Using the listing below, copy exactly each line from the one that has "Christmas Stocking Colored Gold Necklace" through the one that has "Купить Кольца Hawke"; omit the pictures.

##### Input for this task #####

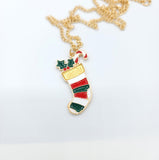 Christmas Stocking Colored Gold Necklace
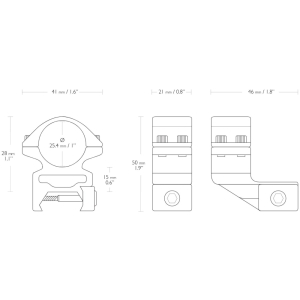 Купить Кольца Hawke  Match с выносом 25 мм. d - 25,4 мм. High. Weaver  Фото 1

#####
##### Input for this task #####

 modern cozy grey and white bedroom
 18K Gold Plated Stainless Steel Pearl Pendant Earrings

#####
##### Input for this task #####

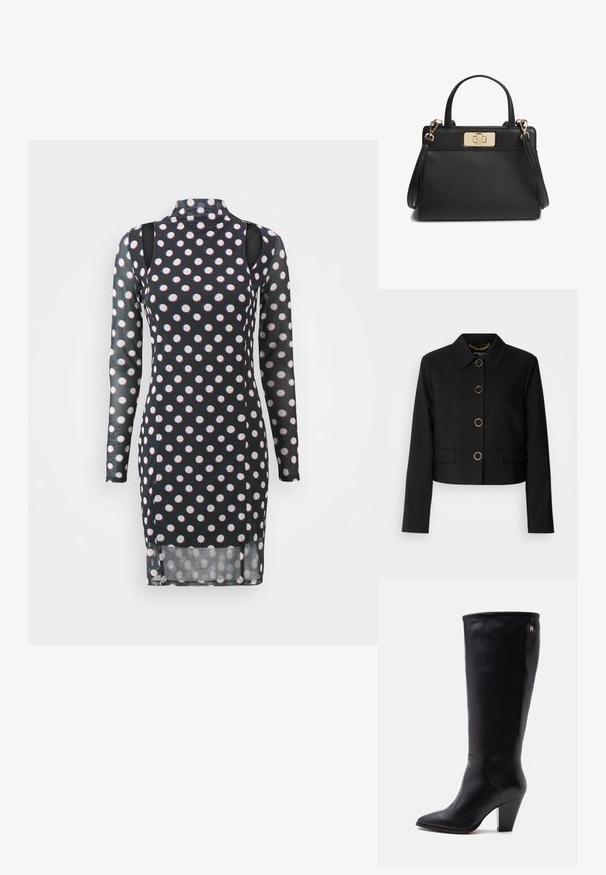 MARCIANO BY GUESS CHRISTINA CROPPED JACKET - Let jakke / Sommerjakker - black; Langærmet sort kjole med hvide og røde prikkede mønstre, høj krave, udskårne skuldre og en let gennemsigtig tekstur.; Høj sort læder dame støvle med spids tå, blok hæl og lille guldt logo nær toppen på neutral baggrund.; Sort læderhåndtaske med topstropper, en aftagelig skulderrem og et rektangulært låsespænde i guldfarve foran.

#####

Your response —
 Christmas Stocking Colored Gold Necklace
 Купить Кольца Hawke  Match с выносом 25 мм. d - 25,4 мм. High. Weaver  Фото 1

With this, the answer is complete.